July 1 changes you need to know about: Open banking, wage increases and penalty rate cuts
Today marks the start of financial year 2020-21 and after an uncertain six months for the entirety of Australia, there are no shortage of July 1 changes business owners need to get across.
We’ve rounded-up some of the most significant legal changes coming with July 1 this year, from minimum wage increases to penalty rate cuts and the arrival of open banking.
Minimum wage increasing
The minimum wage increases today for businesses classified in so-called “group one awards”.
The Fair Work Commission (FWC) ruled last month that the minimum wage would this year increase to $19.84 per hour, or $753.80 a week.
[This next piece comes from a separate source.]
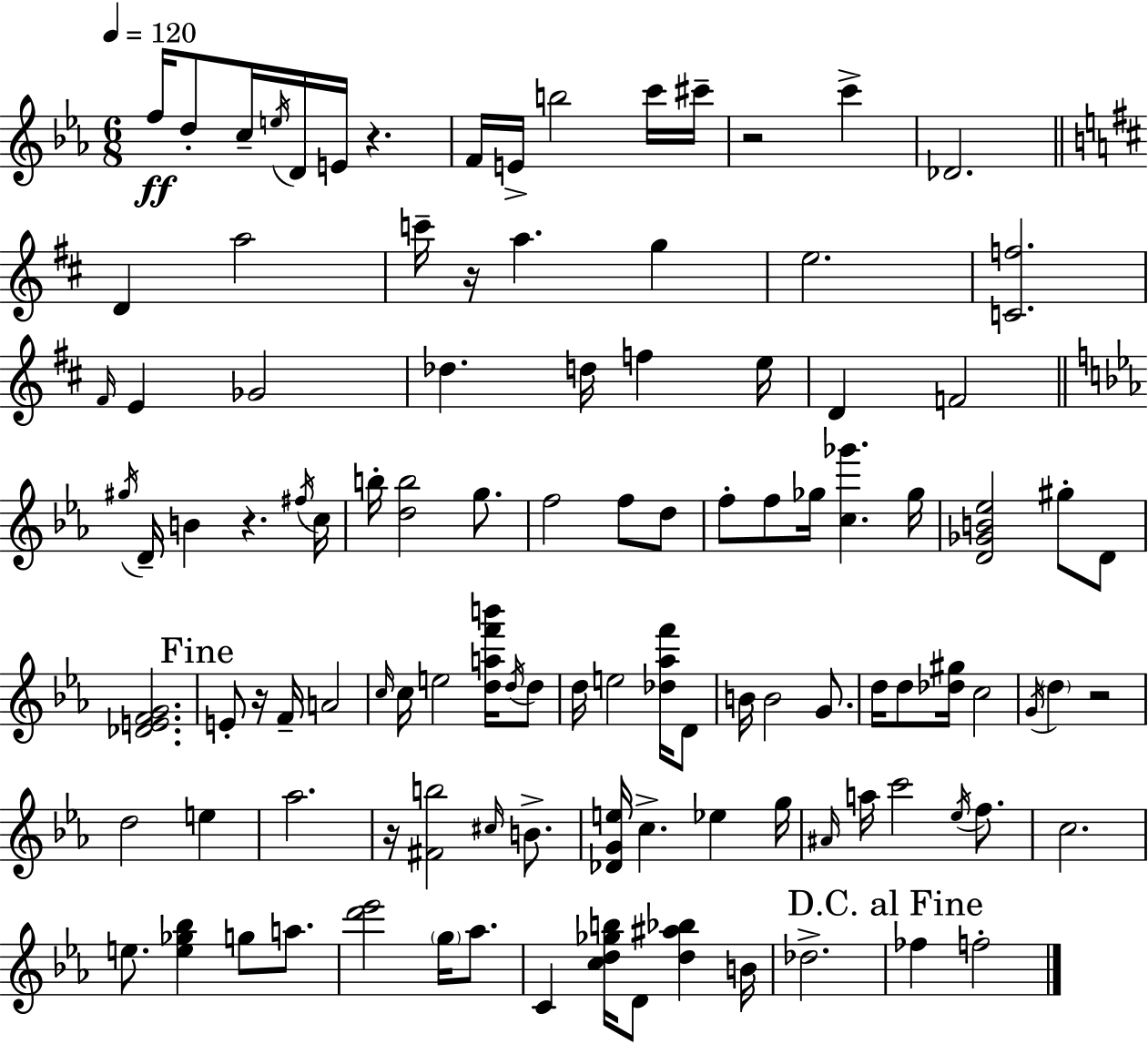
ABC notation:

That’s up from $19.49 an hour or $740.80 a week.
But only some employers have to start paying the new rate immediately, under COVID-19 measures outlined by the commission.
To find out of if your business falls into the category of businesses paying the increase from today, check out this article.
Penalty rates cut
Starting today, workers on the retail and pharmacy awards will be entitled to lower penalty rates.
For workers on the retail award, Sunday penalty rates have been cut from a 165% loading to 150%, while Sunday shift work rates have decreased from 190% to 175%.
Staff on the pharmacy award have had their Sunday penalty rate cut from 165% to 150% from today.
These changes are the last tranche of changes arising from the FWC’s decision to cut penalty rates in 2017.
Businesses earning less than $50 million a year will have their company tax rate sliced by 1.5% on Wednesday, as the federal government’s fast-tracked tax relief for SMEs comes into effect with the new financial year.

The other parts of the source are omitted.